Brief → Strip the pictures and reproduce the rest of the listing exactly.

Dataset excerpt →
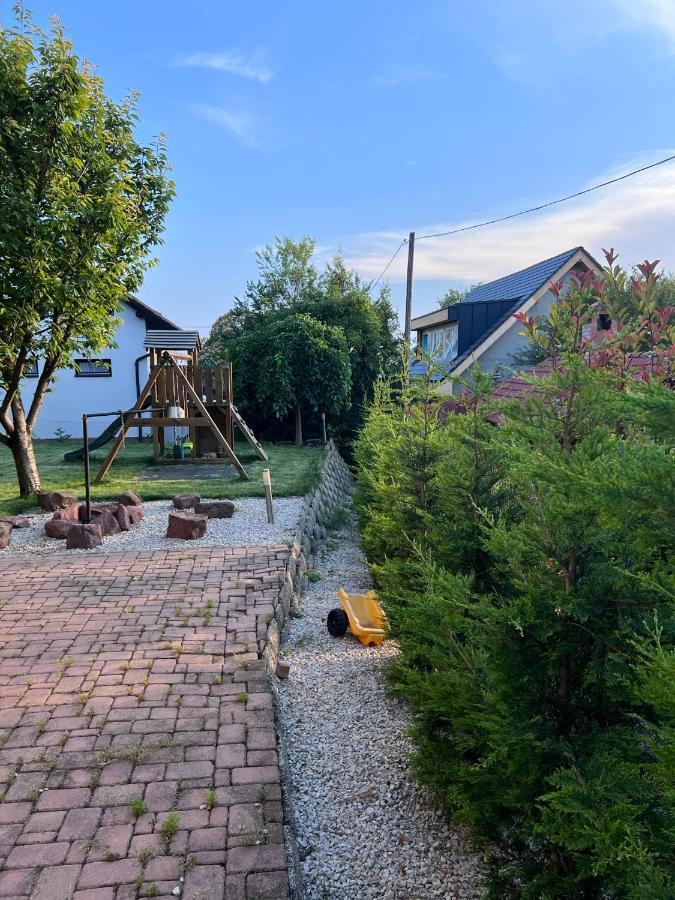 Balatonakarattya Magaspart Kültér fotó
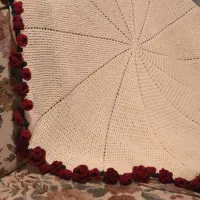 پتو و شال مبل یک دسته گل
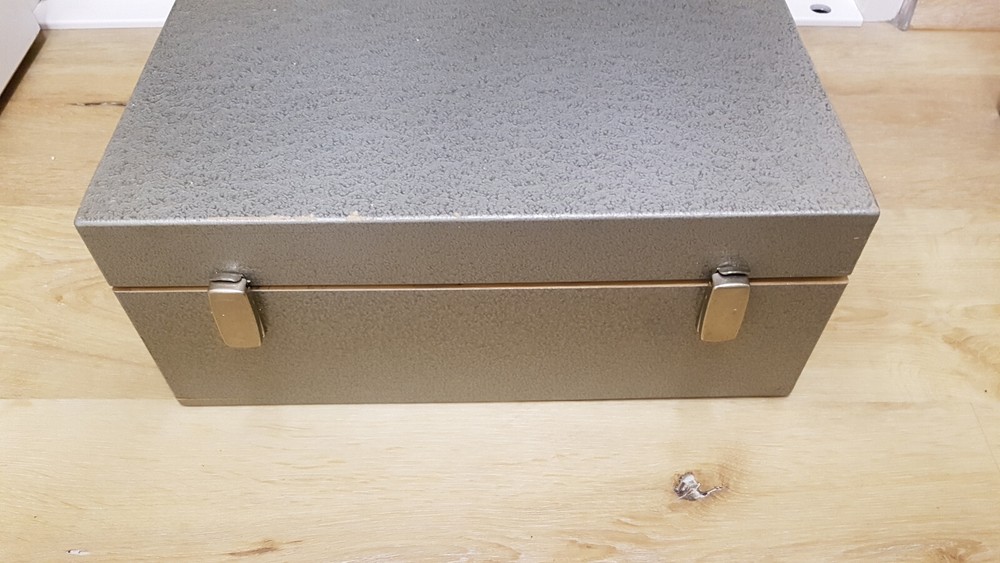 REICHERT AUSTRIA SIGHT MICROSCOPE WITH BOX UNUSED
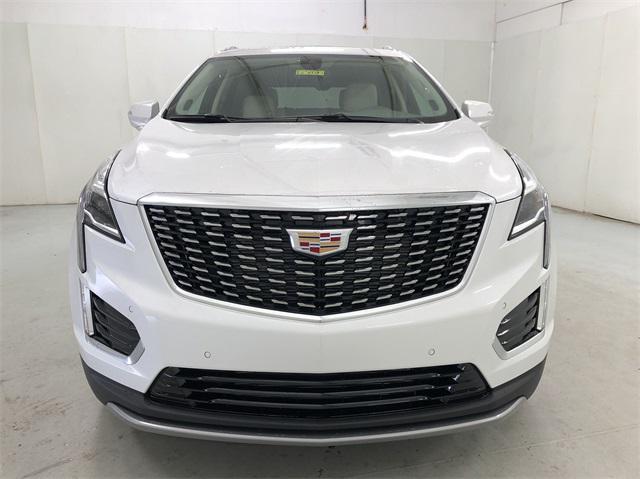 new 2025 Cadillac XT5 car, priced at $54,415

Answer section →
 Balatonakarattya Magaspart Kültér fotó
 پتو و شال مبل یک دسته گل
 REICHERT AUSTRIA SIGHT MICROSCOPE WITH BOX UNUSED
 new 2025 Cadillac XT5 car, priced at $54,415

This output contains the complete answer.